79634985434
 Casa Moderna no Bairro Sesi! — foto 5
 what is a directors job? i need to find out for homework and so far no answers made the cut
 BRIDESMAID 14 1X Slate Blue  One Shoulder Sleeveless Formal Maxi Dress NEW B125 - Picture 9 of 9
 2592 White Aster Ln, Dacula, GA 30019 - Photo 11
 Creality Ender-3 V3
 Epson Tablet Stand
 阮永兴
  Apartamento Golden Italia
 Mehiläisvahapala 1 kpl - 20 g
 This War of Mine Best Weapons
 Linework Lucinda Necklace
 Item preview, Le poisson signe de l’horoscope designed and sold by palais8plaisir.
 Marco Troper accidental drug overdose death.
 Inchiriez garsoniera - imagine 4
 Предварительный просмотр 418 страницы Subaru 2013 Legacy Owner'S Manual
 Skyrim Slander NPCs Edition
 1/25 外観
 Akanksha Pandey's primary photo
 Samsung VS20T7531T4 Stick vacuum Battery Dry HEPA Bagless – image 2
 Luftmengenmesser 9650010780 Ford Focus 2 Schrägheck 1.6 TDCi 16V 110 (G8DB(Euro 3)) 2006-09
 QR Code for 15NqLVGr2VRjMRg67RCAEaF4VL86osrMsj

Work to be completed >>
Please repeat the material exactly as it appears above.

Task response >>
79634985434
 Casa Moderna no Bairro Sesi! — foto 5
 what is a directors job? i need to find out for homework and so far no answers made the cut
 BRIDESMAID 14 1X Slate Blue  One Shoulder Sleeveless Formal Maxi Dress NEW B125 - Picture 9 of 9
 2592 White Aster Ln, Dacula, GA 30019 - Photo 11
 Creality Ender-3 V3
 Epson Tablet Stand
 阮永兴
  Apartamento Golden Italia
 Mehiläisvahapala 1 kpl - 20 g
 This War of Mine Best Weapons
 Linework Lucinda Necklace
 Item preview, Le poisson signe de l’horoscope designed and sold by palais8plaisir.
 Marco Troper accidental drug overdose death.
 Inchiriez garsoniera - imagine 4
 Предварительный просмотр 418 страницы Subaru 2013 Legacy Owner'S Manual
 Skyrim Slander NPCs Edition
 1/25 外観
 Akanksha Pandey's primary photo
 Samsung VS20T7531T4 Stick vacuum Battery Dry HEPA Bagless – image 2
 Luftmengenmesser 9650010780 Ford Focus 2 Schrägheck 1.6 TDCi 16V 110 (G8DB(Euro 3)) 2006-09
 QR Code for 15NqLVGr2VRjMRg67RCAEaF4VL86osrMsj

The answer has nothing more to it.